# HUGE thank you for the gallery photo!



## Victoria_In_London (Jun 25, 2004)

Thanks so much to the IUI girls (Keemjay, Molly, Candy, Starr and mystery person that might be Kelly!) that went to the meet up last weekend and had their photo taken with the message for me and Moosey - I'm really touched and I just spoke to Moosey who said she's grinning at the photo right now.

We both really wanted to come but had already arranged a weekend away but we'll definately be at the next one.
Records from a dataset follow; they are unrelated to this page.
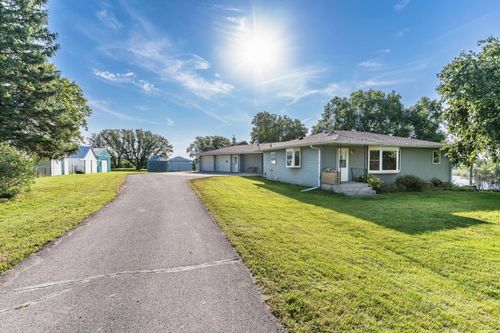 18702 County Highway 1, Fergus Falls, MN, 56537-7713 | Card Image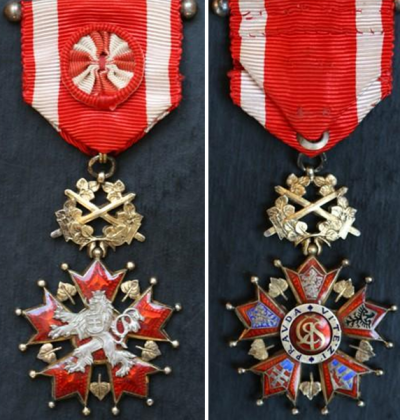 Аверс и реверс знака Офицера с мечами орден Белого льва на нагрудной ленте с розеткой.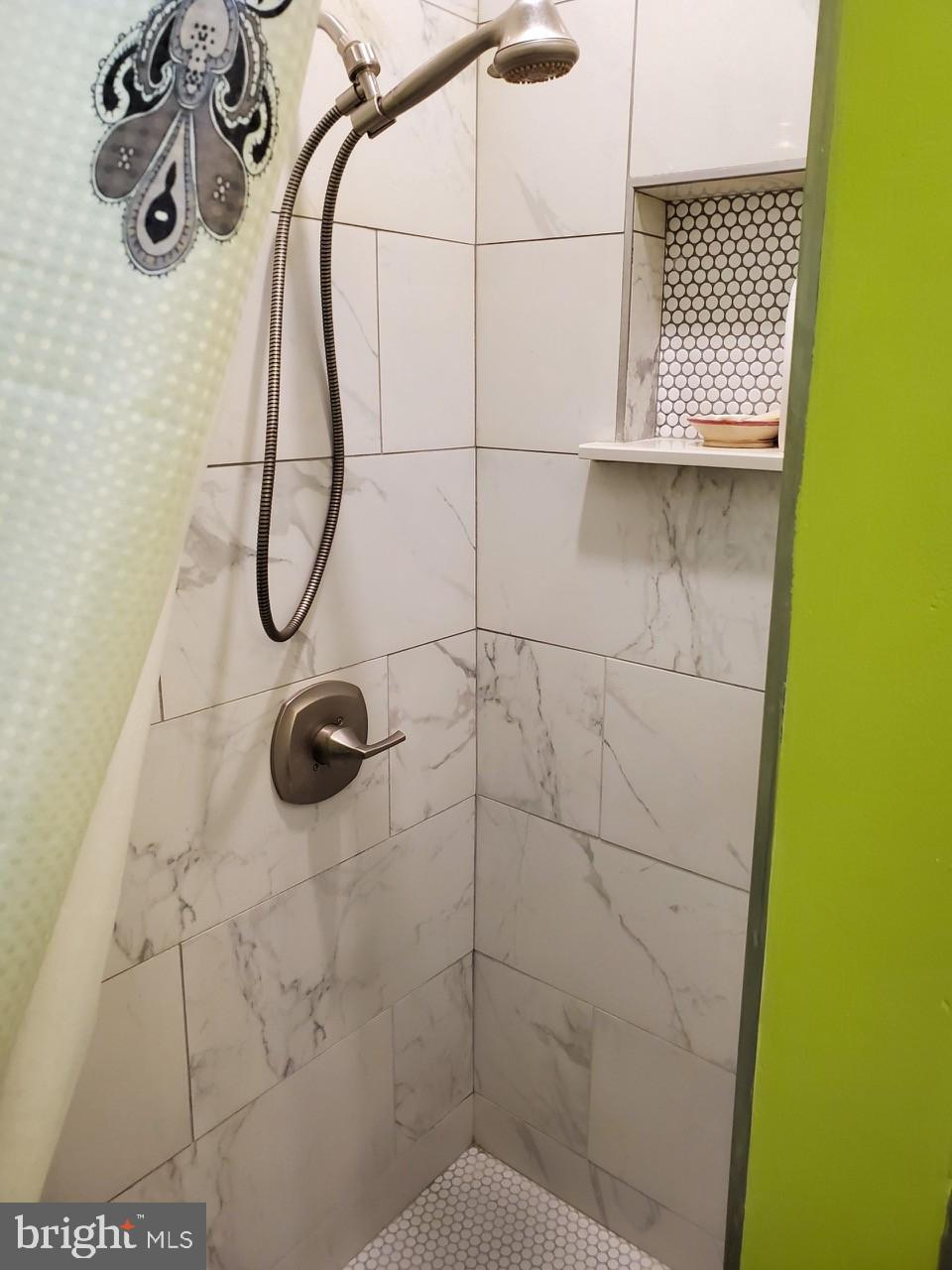 FERN ROCK - Residential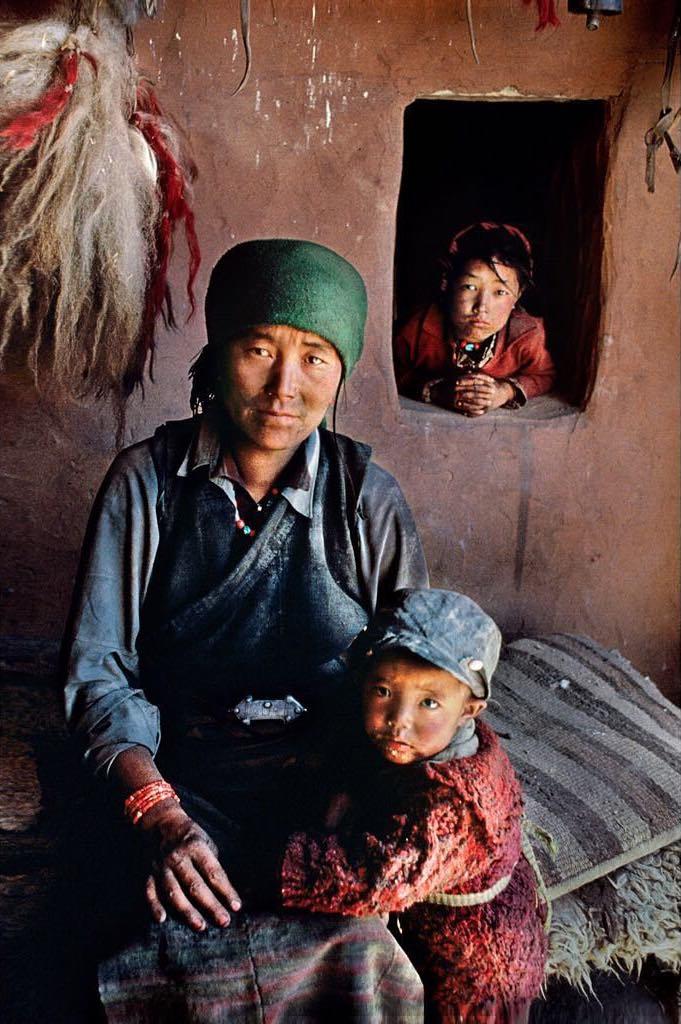  藏族的一家合影，Steve McCurry摄于1989年日喀则。 
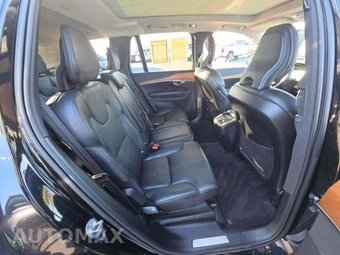 2022 Volvo XC90 T6 Momentum 7-Passenger - miniatura 17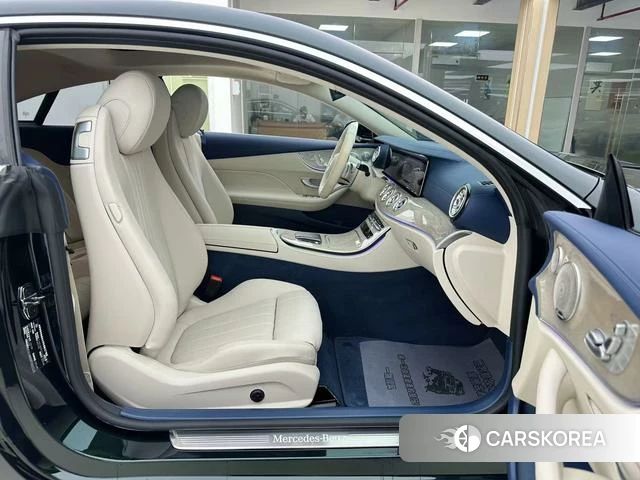 Mercedes-Benz E-class (imported) 2023 Зеленый из Китая, фото 3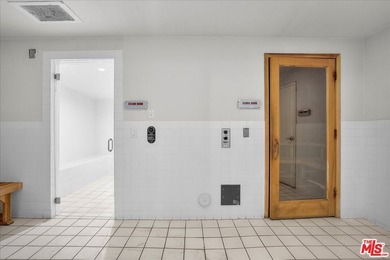 Welcome to Indigo, ideally located in the heart of the Marina - photo 26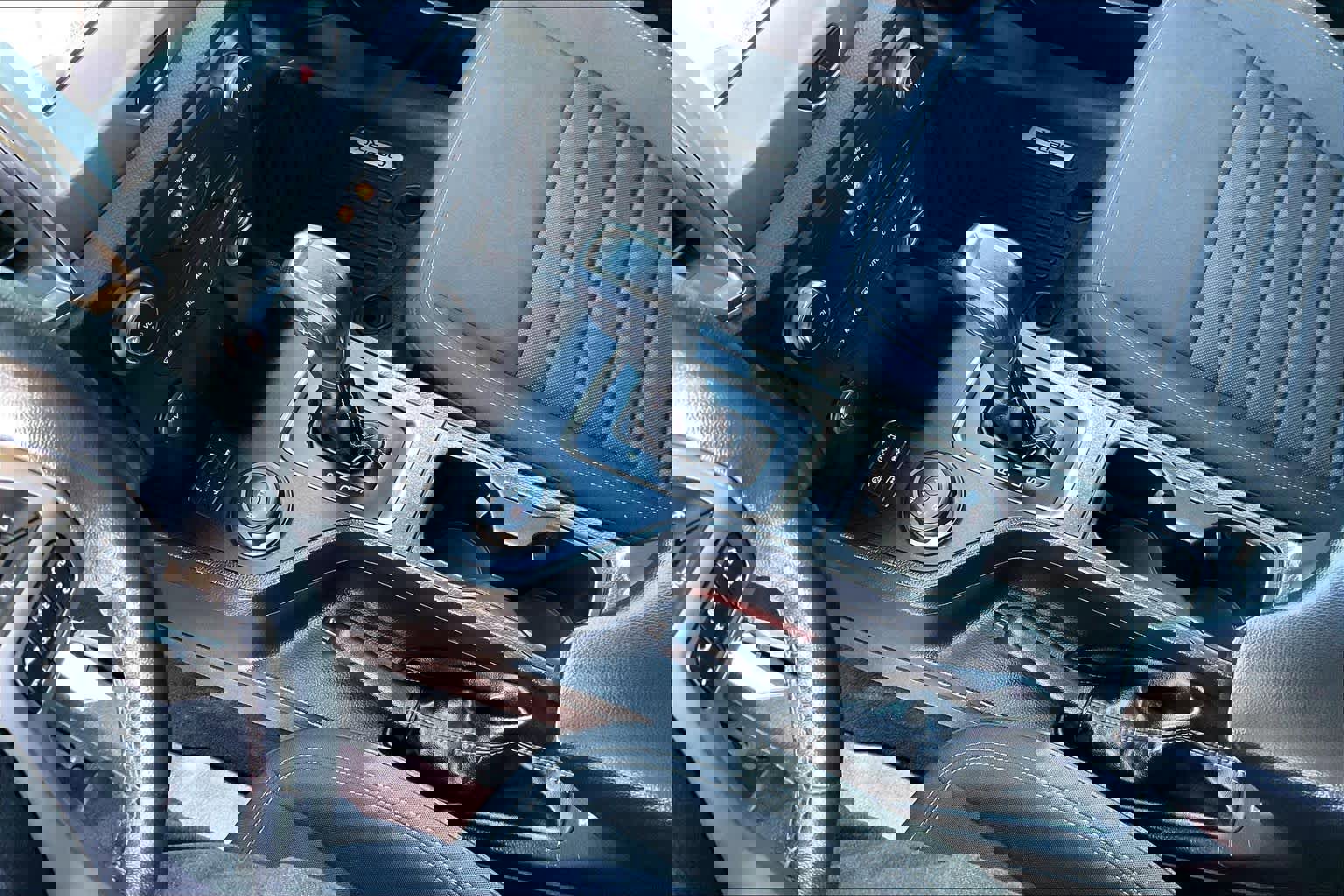 Used 2021 Ford Ranger XLT w/ Equipment Group 301A Mid image 15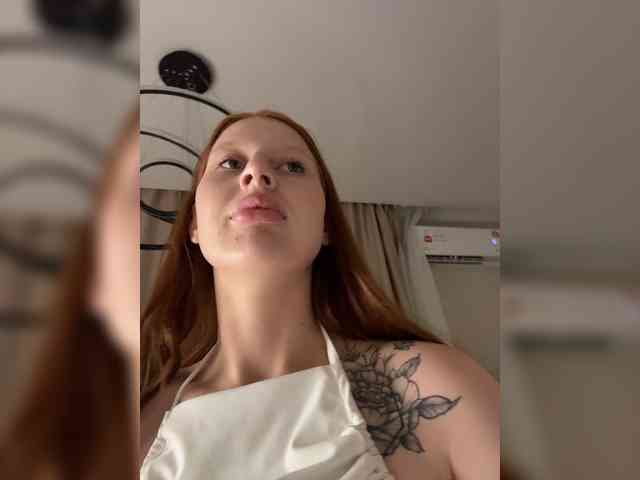Julia-Fox webcam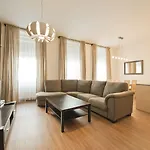 Aparthotel Downtown Kodanska
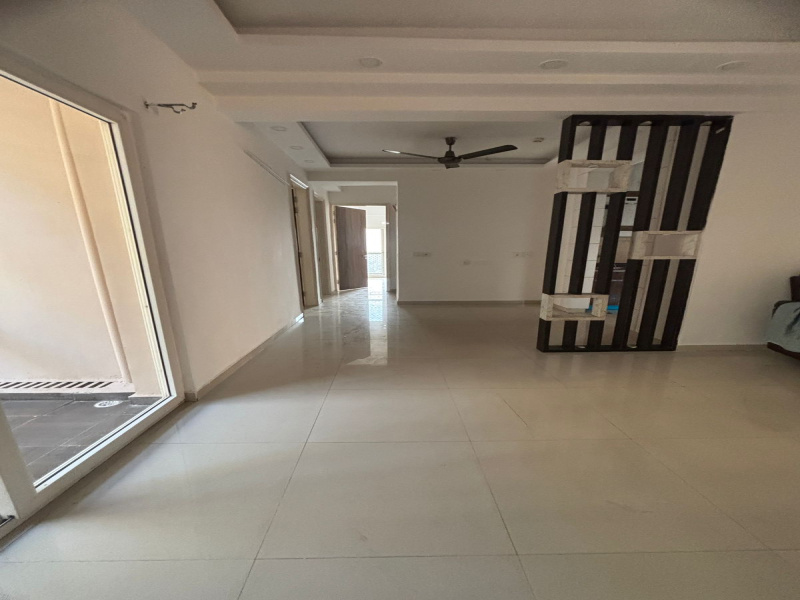 2.5 BHK 1215 Sq.ft. Apartment for Sale in Crossing Republik, Ghaziabad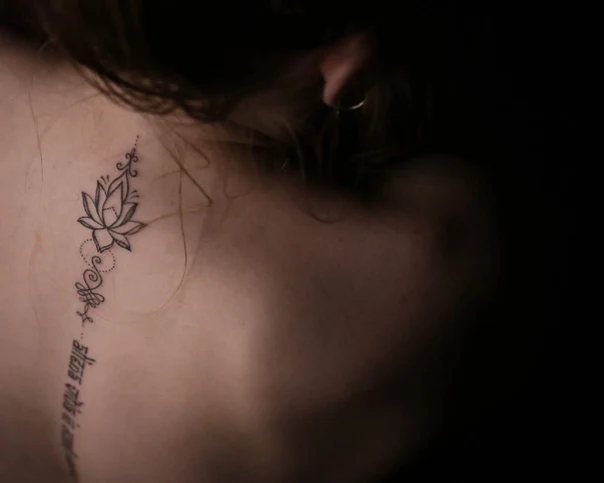 Файнлайн Lotus, Lettering tattoo на Back of neck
I'm gonna get soppy now but the support you have given me and Moosey over the last 18 months has got us through every step and it's lovely to know that you were thinking of us while you were out having fun...

Lots of love

Victoria
xxx

PS - An extra special thanks to Candy who I understand did the colouring in!


----------



## keemjay (Jan 19, 2004)

aahh, you're welcome hunnies   yes it was candy's skillful colouring, give her a paper napkin and a biro and she's like Van Gogh 

take it the BFP is still going strong then??

kj x


----------



## Victoria_In_London (Jun 25, 2004)

Hi Kim

Great to hear from you.  Yes the BFP is looking good and I'm starting to get a tiny bit hopeful but we'll see - scan in three weeks.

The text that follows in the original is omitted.